In other words, many people are gaming or defrauding the system. This includes not only disability recipients but health-care professionals, lawyers, and others who run ads promising to get you disability benefits.

Between 1996 and 2011, the private sector generated 8.8 million new jobs, and 4.1 million people entered the disability rolls.

The ratio of disability cases to new jobs has been even worse during the sluggish recovery from the 2007–09 recession. Between January 2010 and December 2011, there were 1,730,000 new jobs and 790,000 new people collecting disability.

This is not just a matter of laid-off workers in their 50s or early 60s qualifying for disability in the years before they become eligible for Social Security old-age benefits.

In 2011, 15 percent of disability recipients were in their 30s or early 40s. Concludes Eberstadt, “Collecting disability is an increasingly important profession in America these days.”

We can’t afford this—in more ways than one. First, we can’t afford the financial strain. And second, we can’t keep a republic going when such a large percentage of our citizens are willing to live by defrauding the rest of us. This is an issue that concerns both character and dollars.

I am from a small town in Mississippi—you would not believe the amount of money the federal government pours into our region. A huge amount of money goes to people on disability.

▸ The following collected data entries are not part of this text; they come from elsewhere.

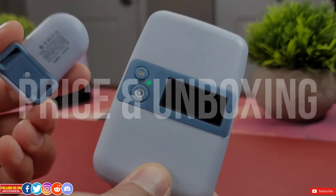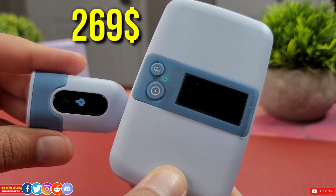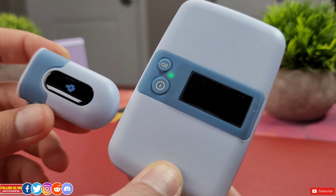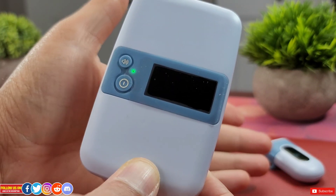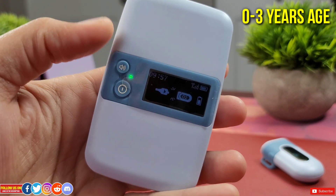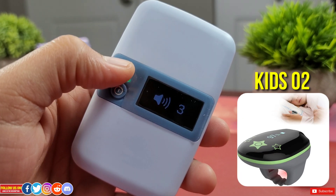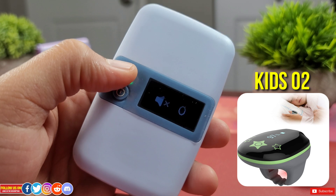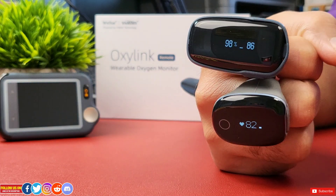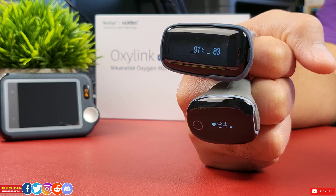Starting with price and unboxing: the Baby O2 S2 oxygen monitor is listed on their website for $269 USD at the time of filming — price may vary at seller's discretion. Check the video description for a direct link and any discounts. This product is intended for babies up to three years of age. For kids aged 3 to 10, check out their Kids O2 Pediatric Oxygen Monitor. They also have products for seniors and adults, with review videos linked at the end of this video.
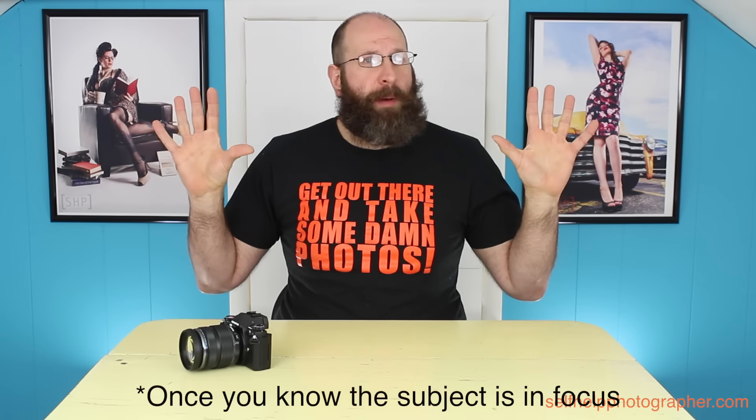In this case, you change your focus method from single shot — where the camera locks and holds focus — to servo or continuous focus mode, where the focus will track a moving subject. With this setup, you can hold down your focus button and track the subject as it moves, using the shutter button to shoot. When the subject stops moving, you just release the focus button and keep on shooting with your shutter button.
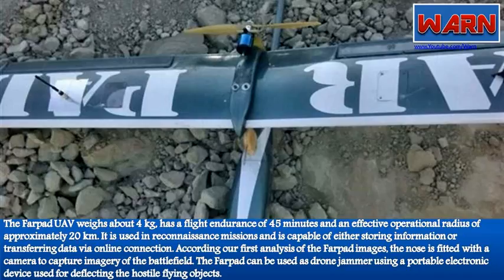According to our first analysis of the Farpat images, the nose is fitted with a camera to capture imagery of the battlefield. The Farpat can also be used as a drone jammer, using a portable electronic device for deflecting hostile flying objects.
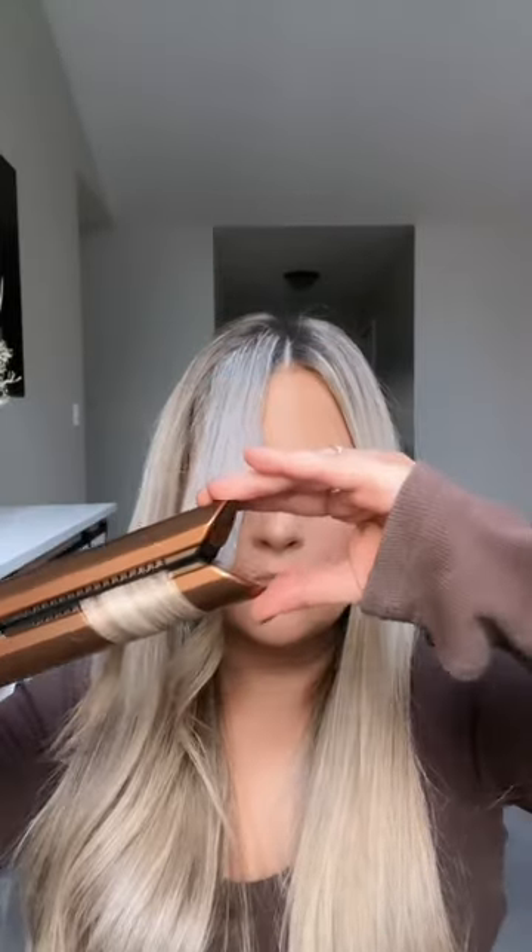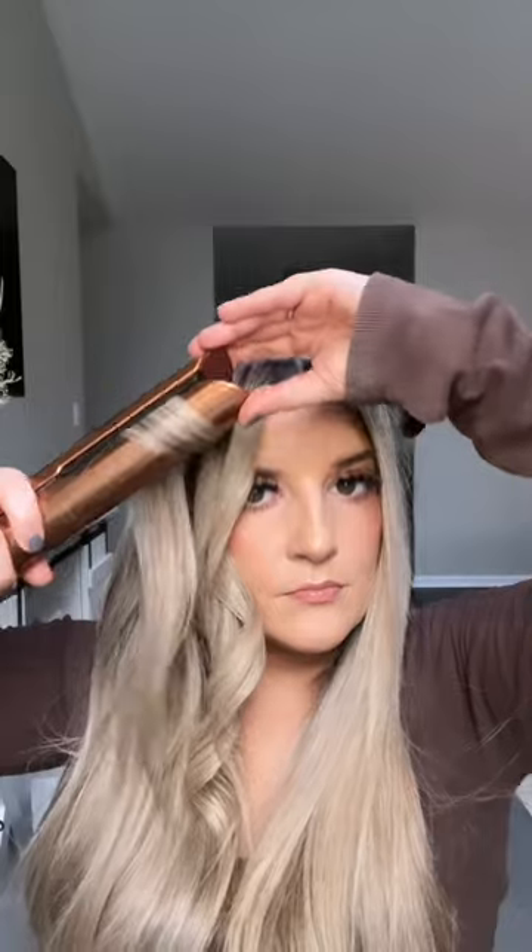I start at the top, rotate the iron, and slide all the way down. You can see I give it a little twist at the end, and this is just so that they're all in place.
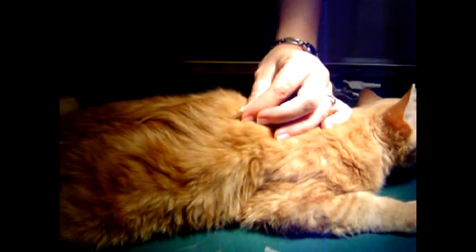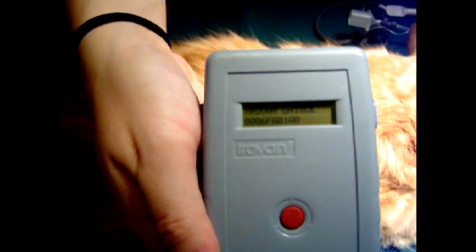And then we're going to check it and make sure that it's there. And that's how we microchip.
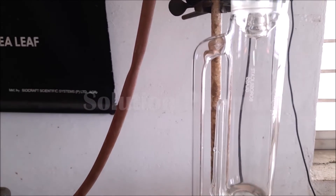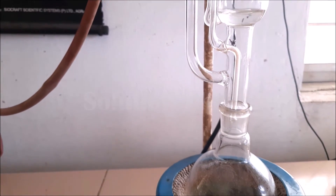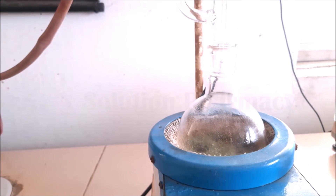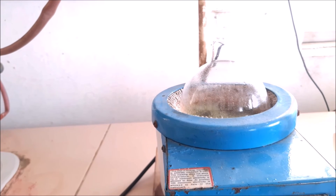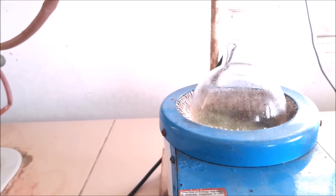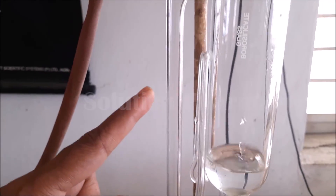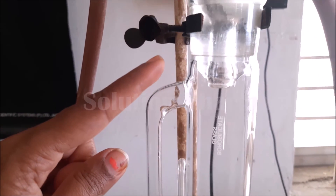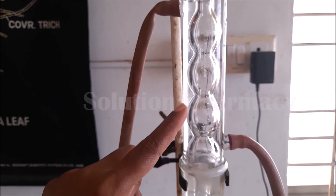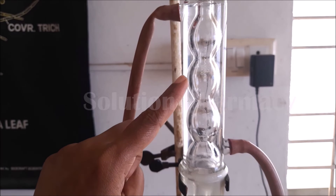The Soxhlet extractor is kept empty, and below it we attach the round bottom flask containing the liquid extract — the solvent we want to recover — so that we get a concentrated extract. The rest of the setup is the same as before. On boiling, the solvent evaporates and passes through the side tube to the condenser. The condenser consists of two tubes: inner and outer. In the outer tube, cold water comes in through the inlet and hot water exits through the outlet.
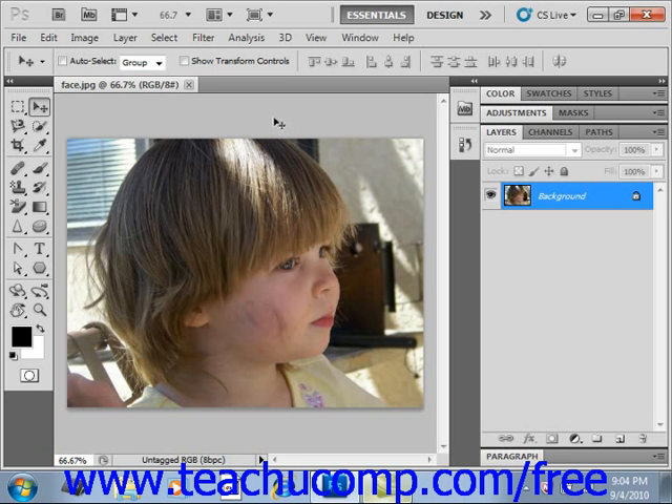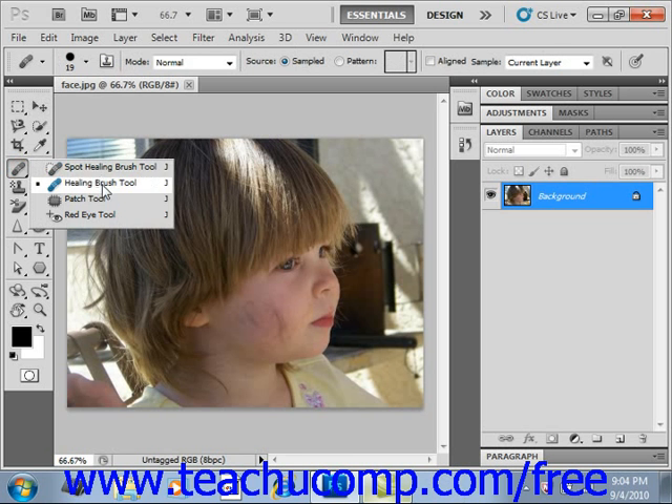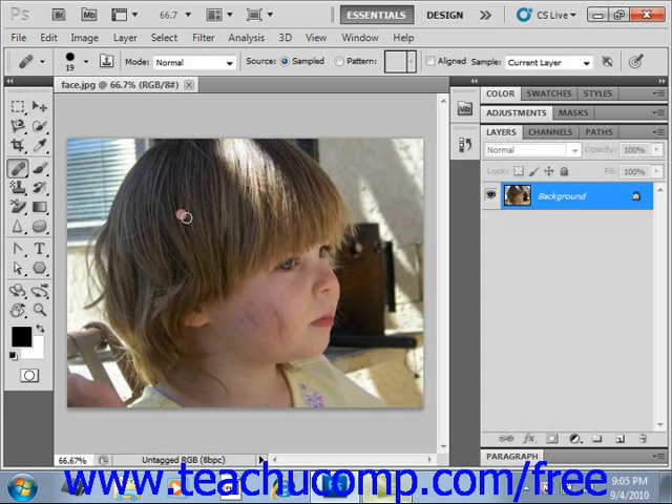To use this tool, select the Healing Brush tool from the toolbox and set your desired options up in the options bar. We'll see over here it shares a spot with some other tools that we'll be looking at, but we'll give it a click. Then we'll go into our image and leave our brush where it is, but we'll Alt-click to set a source. Then to use this, you just click and drag into your image.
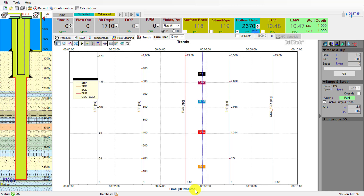Hi, in this video I will demonstrate how to make a connection and trip pipe using Drillsoft HDX Plus batch mode feature.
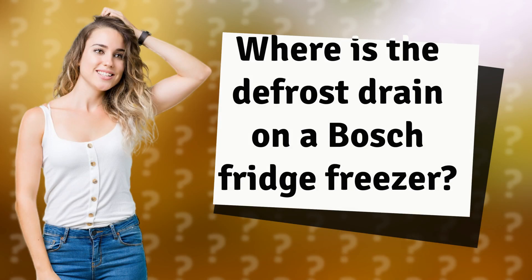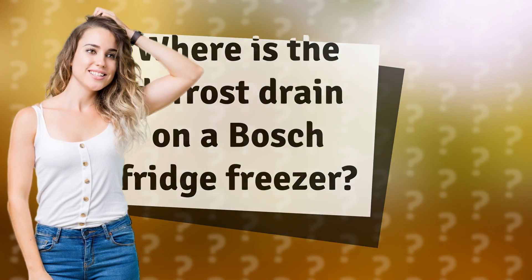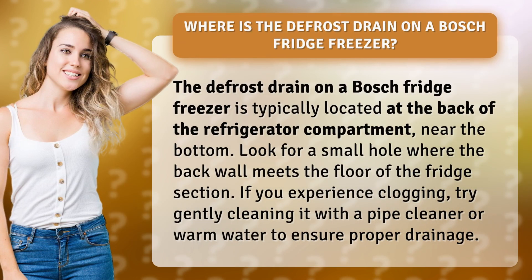Where is the defrost drain on a Bosch fridge freezer? The defrost drain on a Bosch fridge freezer is typically located at the back of the refrigerator compartment near the bottom. Look for a small hole where the back wall meets the floor of the fridge section. If you experience clogging, try gently cleaning it with a pipe cleaner or warm water to ensure proper drainage.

It is widely known which doctors will help somebody get on disability. Of course, they should be in jail. But as Barone points out, it is extremely difficult to disprove these claims. Character ultimately counts.

But of course the federal government has set up programs that corrupt through temptation. But it is the workers who must pay for this. Thomas Lifson deals with this in a piece entitled “Work Is For Suckers.” Maybe it is time for us workers to say we won’t be exploited anymore?

Instead of framing the recipients [of government largess] as the problem (and be accused of insensitivity or worse), we must focus on the people who work themselves hard in order to make ends meet, and how unfair it is to penalize them, so as to bring them an after tax standard of living worse than they could have enjoyed by taking advantage of the myriad dependency subsidies available.

Our culture now revolves around victims, and it long past time that the GOP exploited the favorite technique of the left. It is time to call hard working Americans an "endangered species."

"Tyler Durden" at Zerohedge has been writing about the crossover point at which income one might as well just take a permanent vacation and just collect benefits instead of rolling out of bed every morning and enduring wage slavery, as the left used to call it.

I’d rather see a moral rejuvenation that has people saying, “Disability? But I can work.” Failing that, we have to fight back and try to prevent those who would defraud us from doing so.

If, by the way, you are interested in a quick explanation of what we are facing, you can’t beat Eberstadt’s cartoon Youtube video, “How to Explain the Entitlements Crisis to an 8-Year-Old.”